This amount is known as initial margin. The nature of initial margin in futures
transactions is different from that of margin in security transactions. Futures
contract margin does not involve the borrowing of funds by the customer to
finance the transactions. Rather, the initial margin is in the nature of a
performance bond or good faith deposit on the contract which is returned to the
Portfolio upon termination of the futures contract assuming all contractual
obligations have been satisfied. The margin required for a particular futures
contract is set by the exchange on which the contract is traded, and may be
significantly modified from time to time by the exchange during the term of the
contract.
Subsequent payments, called variation margin, to the Broker and from the
Broker, are made on a daily basis as the value of the underlying instrument or
index fluctuates making the long and short positions in the futures contract
more or less valuable, a process known as mark-to-market. For example, when the
Portfolio has purchased a futures contract and the price of the underlying
financial instrument or index has risen, that position will have increased in
value and the Portfolio will receive from the Broker a variation margin payment
equal to that increase in value. Conversely, where the Portfolio has purchased a
futures contract and the price of the underlying financial instrument or index
has declined, the position would be less valuable and the Portfolio would be
required to make a variation margin payment to the Broker. At any time prior to
expiration of the futures contract, the Portfolio may elect to close the
position. A final determination of variation margin is then made, additional
cash is required to be paid to or released by the Broker, and the Portfolio
realizes a loss or gain.
The Fund on behalf of the Portfolio intends to enter into arrangements with
its custodian and with Brokers to enable its initial margin and any variation
margin to be held in a segregated account by its custodian on behalf of the
Broker.
Although interest rate futures contracts by their terms call for actual
delivery or acceptance of financial instruments and index based futures
contracts call for the delivery of cash equal to the difference between the
closing value of the index on the expiration date of the contract and the price
at which the futures contract is originally made, in most cases such futures
contracts are closed out before the settlement date without the making or taking
of delivery. Closing out a futures contract sale is effected by an offsetting
transaction in which the Portfolio enters into a futures contract purchase for
the same aggregate amount of the specific type of financial instrument or index
and same delivery date. If the price in the sale exceeds the price in the
offsetting purchase, the Portfolio is paid the difference and thus realizes a
gain. If the offsetting purchase price exceeds the sale price, the Portfolio
pays the difference and realizes a loss. Similarly, the closing out of a futures
contract purchase is effected by an offsetting transaction in which the
Portfolio enters into a futures contract sale. If the offsetting sale price
exceeds the purchase price, the Portfolio realizes a gain. If the purchase price
exceeds the offsetting sale price the Fund realizes a loss. The amount of the
Portfolio's gain or loss on any transaction is reduced or increased,
respectively, by the amount of any transaction costs incurred by the Portfolio.

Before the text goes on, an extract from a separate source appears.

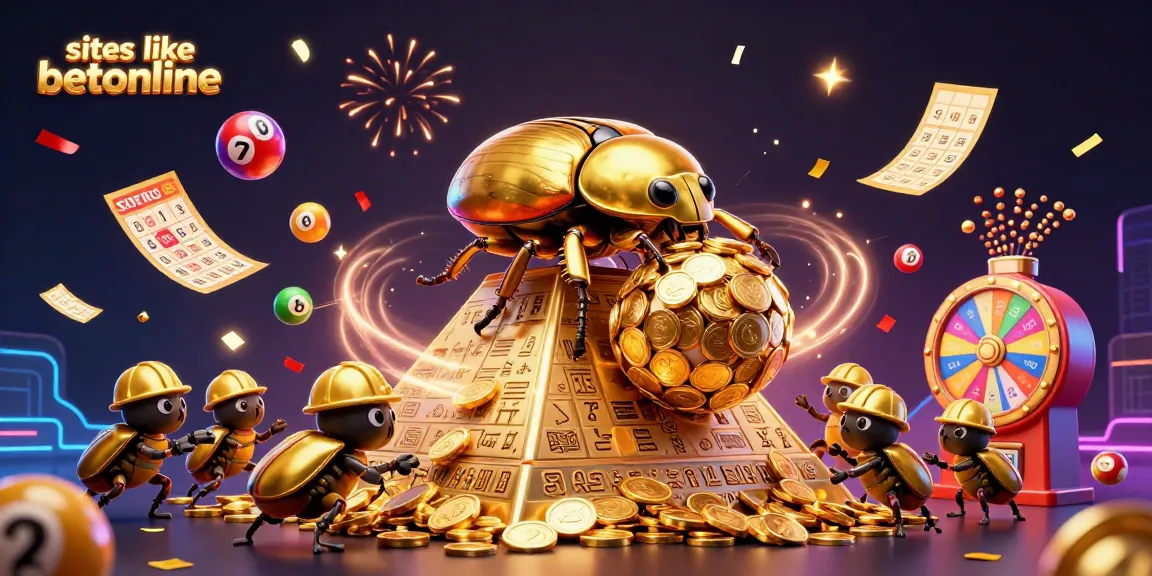 Engage with top sites like BetOnline featuring vibrant casino elements and celebrations.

As an example of an offsetting transaction, the contractual obligations
arising from the sale of one contract of September U.S. Treasury bills on an
exchange may be fulfilled at any time before delivery of the contract is
required (i.e. on a specified date in September, the "delivery month") by the
purchase of one contract of September U.S. Treasury bills on the same exchange.
In such instance the difference between the price at which the futures contract
was sold and the price paid for the offsetting purchase after allowance for
transaction costs, represents the profit or loss to the Portfolio.

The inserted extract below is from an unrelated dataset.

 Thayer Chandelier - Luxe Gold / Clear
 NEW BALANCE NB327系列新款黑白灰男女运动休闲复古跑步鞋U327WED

There can be no assurance, however, that the Portfolio will be able to
enter into an offsetting transaction with respect to a particular contract at a
particular time. If the Portfolio is not able to enter into an offsetting
transaction, the Portfolio will continue to be required to maintain the margin
deposits on the contract and to complete the contract according to its terms in
which case it would continue to bear market risk on the transaction.
OPTIONS ON CURRENCY AND OTHER FINANCIAL FUTURES
The Portfolio intends to purchase call and put options on currency and
other financial futures contracts and sell such options to terminate an existing
position. Options on currency and other financial futures are similar to options
on stocks except that an option on a currency and other financial futures
contract gives the purchaser the right, in return for the premium paid, to
assume a position in a futures contract (a long position if the option is a call
and a short position if the option is a put) rather than to purchase or sell
stock, at a specified exercise price at any time during the period of the
option. Upon exercise of the option, the delivery of the futures position by the
writer of the option to the holder of the option will be accompanied by delivery
of the accumulated balance in the writer's futures margin account. This amount
represents the amount by which the market price of the futures contract at
exercise exceeds, in the case of a call, or is less than, in the case of a put,
the exercise price of the option on the futures contract. If an option is
exercised the last trading day prior to the expiration date of the option, the
settlement will be made entirely in cash equal to the difference between the
exercise price of the option and value of the commodity.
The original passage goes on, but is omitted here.